## WHAT TO PRODUCE
Write each entry out once more, please, precisely as shown.

## SUPPLIED INFORMATION
§ §

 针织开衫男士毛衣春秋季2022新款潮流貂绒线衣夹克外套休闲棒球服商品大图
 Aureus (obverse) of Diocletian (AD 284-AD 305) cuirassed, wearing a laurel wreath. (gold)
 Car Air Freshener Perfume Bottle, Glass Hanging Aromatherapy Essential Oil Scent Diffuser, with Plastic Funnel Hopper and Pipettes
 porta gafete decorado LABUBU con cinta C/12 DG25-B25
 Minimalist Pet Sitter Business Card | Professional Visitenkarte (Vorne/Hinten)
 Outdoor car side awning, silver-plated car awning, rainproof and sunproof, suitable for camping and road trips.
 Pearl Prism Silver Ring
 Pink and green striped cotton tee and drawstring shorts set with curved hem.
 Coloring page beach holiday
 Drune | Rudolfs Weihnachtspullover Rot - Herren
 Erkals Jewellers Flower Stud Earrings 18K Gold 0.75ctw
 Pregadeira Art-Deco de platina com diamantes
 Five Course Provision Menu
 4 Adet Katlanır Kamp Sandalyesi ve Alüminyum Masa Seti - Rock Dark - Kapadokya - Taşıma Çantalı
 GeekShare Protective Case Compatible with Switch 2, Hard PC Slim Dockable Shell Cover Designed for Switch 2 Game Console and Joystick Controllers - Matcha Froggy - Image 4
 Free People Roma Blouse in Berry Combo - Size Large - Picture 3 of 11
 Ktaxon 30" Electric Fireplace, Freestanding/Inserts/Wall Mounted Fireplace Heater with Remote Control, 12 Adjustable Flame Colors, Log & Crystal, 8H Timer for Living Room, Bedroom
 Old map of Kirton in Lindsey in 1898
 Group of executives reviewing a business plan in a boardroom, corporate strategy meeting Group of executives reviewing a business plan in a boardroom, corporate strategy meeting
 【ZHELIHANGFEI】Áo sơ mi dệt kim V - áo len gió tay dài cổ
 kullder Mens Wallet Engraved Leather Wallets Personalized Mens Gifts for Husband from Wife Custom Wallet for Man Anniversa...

§ §

## RESPONSE BOX
 针织开衫男士毛衣春秋季2022新款潮流貂绒线衣夹克外套休闲棒球服商品大图
 Aureus (obverse) of Diocletian (AD 284-AD 305) cuirassed, wearing a laurel wreath. (gold)
 Car Air Freshener Perfume Bottle, Glass Hanging Aromatherapy Essential Oil Scent Diffuser, with Plastic Funnel Hopper and Pipettes
 porta gafete decorado LABUBU con cinta C/12 DG25-B25
 Minimalist Pet Sitter Business Card | Professional Visitenkarte (Vorne/Hinten)
 Outdoor car side awning, silver-plated car awning, rainproof and sunproof, suitable for camping and road trips.
 Pearl Prism Silver Ring
 Pink and green striped cotton tee and drawstring shorts set with curved hem.
 Coloring page beach holiday
 Drune | Rudolfs Weihnachtspullover Rot - Herren
 Erkals Jewellers Flower Stud Earrings 18K Gold 0.75ctw
 Pregadeira Art-Deco de platina com diamantes
 Five Course Provision Menu
 4 Adet Katlanır Kamp Sandalyesi ve Alüminyum Masa Seti - Rock Dark - Kapadokya - Taşıma Çantalı
 GeekShare Protective Case Compatible with Switch 2, Hard PC Slim Dockable Shell Cover Designed for Switch 2 Game Console and Joystick Controllers - Matcha Froggy - Image 4
 Free People Roma Blouse in Berry Combo - Size Large - Picture 3 of 11
 Ktaxon 30" Electric Fireplace, Freestanding/Inserts/Wall Mounted Fireplace Heater with Remote Control, 12 Adjustable Flame Colors, Log & Crystal, 8H Timer for Living Room, Bedroom
 Old map of Kirton in Lindsey in 1898
 Group of executives reviewing a business plan in a boardroom, corporate strategy meeting Group of executives reviewing a business plan in a boardroom, corporate strategy meeting
 【ZHELIHANGFEI】Áo sơ mi dệt kim V - áo len gió tay dài cổ
 kullder Mens Wallet Engraved Leather Wallets Personalized Mens Gifts for Husband from Wife Custom Wallet for Man Anniversa...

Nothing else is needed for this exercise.